The 13 artists are associated with historical references. Can you explain?
The individual rooms for each of the thirteen artists are arranged like small retrospective exhibitions. Having a young audience in mind, I thought it was important to show the masterpieces of each artist. So, in the Fabro room, we have, of course, the first Italia. It's the map of Italy upside down. And in Michelangelo's room, of course, we have the first Venus of the Rags, la Venere degli stracci. But I also felt it was necessary to broaden the range of Arte Povera and to show how this sensibility, oriented towards a phenomenological reduction of the experience of reality, and an attention to the way in which matter itself contains energy, should also be explained as something that endures over a long period of time.
So, for example, in Kounellis' room, I wanted to show the relationship between the reduction to zero, and, at the same time, the profound spirituality of Malevich's work. And how, at the end of the 20th century, the response to Malevich, that repeats Malevich, is the square of black charcoal that comes out of the canvas and falls to the ground. It is a black square but also coal. So this simple act from Malevich, in the midst of the development of cinema and photography, is very similar to ethics and aesthetics. Or ethical aesthetics, depending on Kounellis's point of view.
Why do you set up a dialogue between Arte Povera and more contemporary art?
In my opinion, I don't see Arte Povera as a movement from the late 1960s. It's a state of mind, a point of view on what a work of art can be. This point of view, this state of mind, has existed for centuries. And it also existed after Arte Povera. So I wanted to perpetuate the essence of Arte Povera and show that it exists in the works of artists all over the world, not just in Italy, and who began working after the Arte Povera period. If we look back at the 1980s, 1990s, 2000s and 2010s, in each period, throughout the post-Arte Povera period, we find artists who wanted to resist and go against what was complicated art, the overly complicated art of their time.
In South Africa in the 1980s, for example, there was a young artist called William Kentridge, who was just beginning to work.
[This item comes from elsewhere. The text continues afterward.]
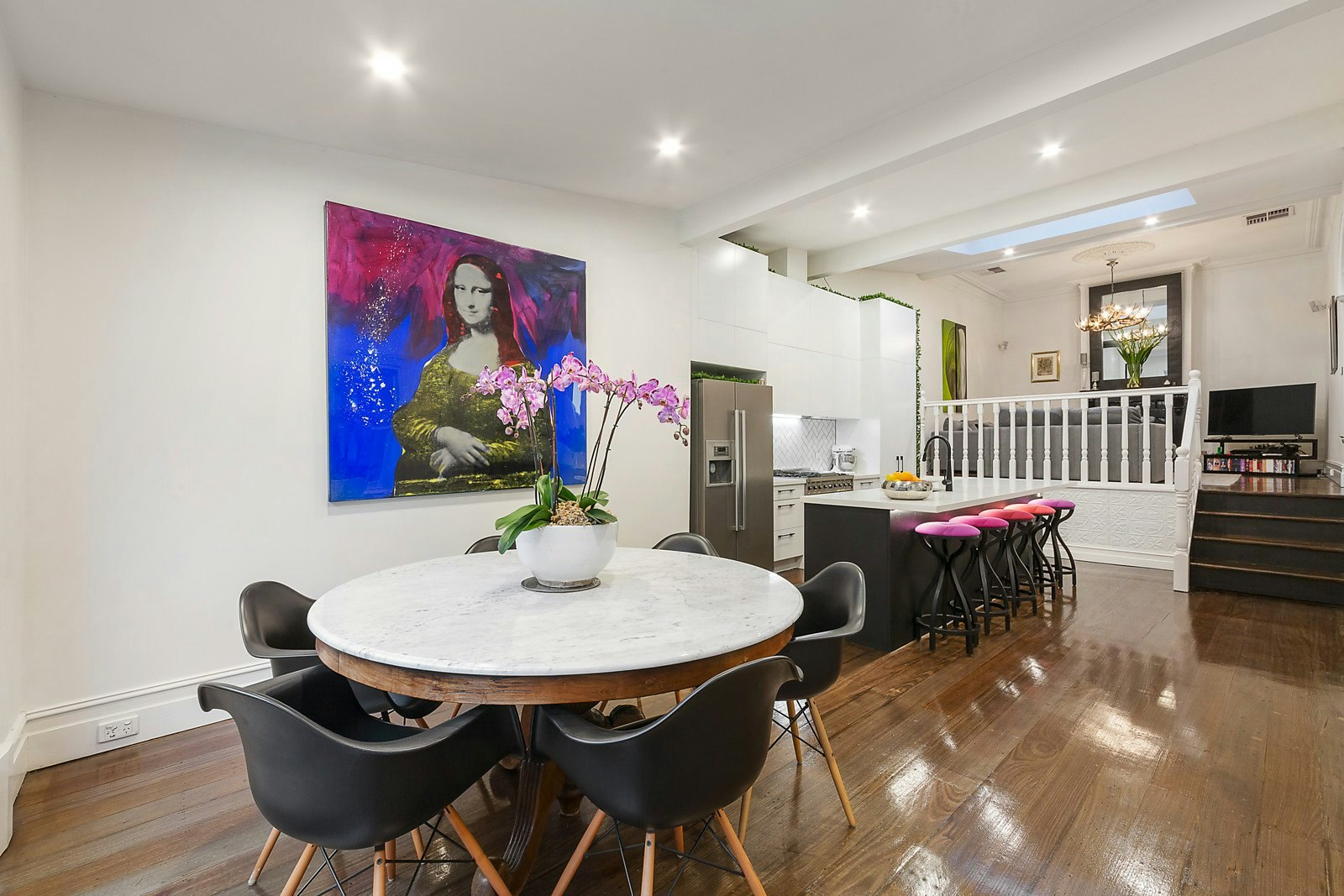 98 Rathmines Road, Hawthorn East, VIC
Around 1989, he made his first Drawing for Projection. In other words, a poor form of animation, a simplified version of it, at the same time as Pixar was starting to make "rich" animation. And this man began to draw on paper with charcoal, and cancel, erase and tear up pieces of black paper. He made what I define as poor film, poor cinema and poor animation.
In my opinion, I don't see Arte Povera as a movement from the late 1960s. It's a state of mind, a point of view on what a work of art can be.
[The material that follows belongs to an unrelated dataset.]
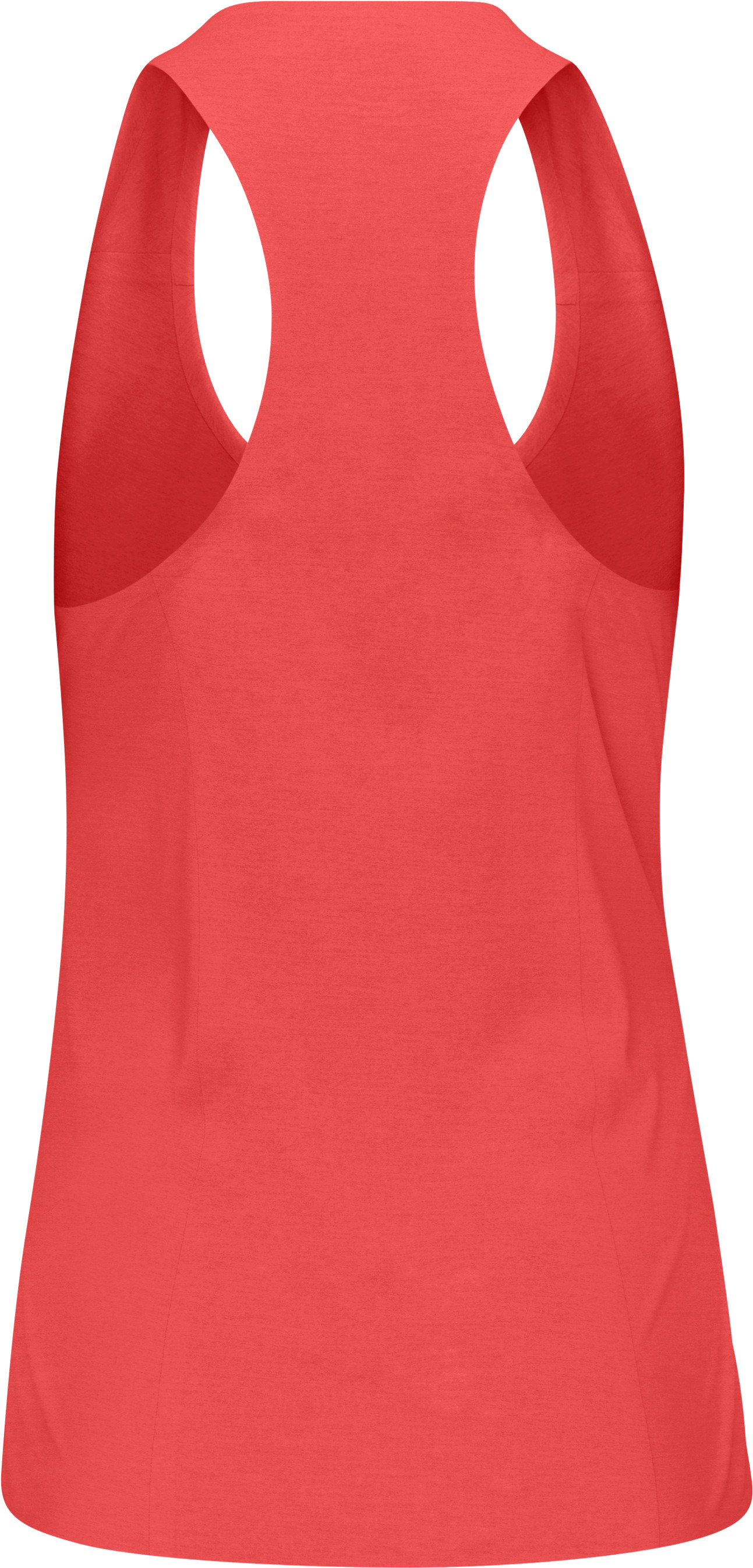 femund tech Singlet W's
What is Arte Povera today?
Since the exhibition at the Bourse de Commerce opened its doors, the public has amazed me. What I've seen is a young public. It fills me with joy, but it also confirms something that I've been feeling. Arte Povera is an art movement, a point of view on art that is extremely important for those who live in the current digital age, with their smartphones, and who are a little fed up with social media. We're engulfed by social media, by this narcissistic melancholy. All eyes on us, always trying to showcase ourselves as alienated work to others.
There's a fragility in the contemporary digital subject, who is ready, I think, and who would like nothing more than to be in relationship with the hic et nunc, here and now, me, my body, what I can know through my senses. It is this sensuous knowledge, this possibility, that Arte Povera has set down in the relationship between the physical and the mental, the continuity between the sensual and the ethereal, between the abstract and the concrete.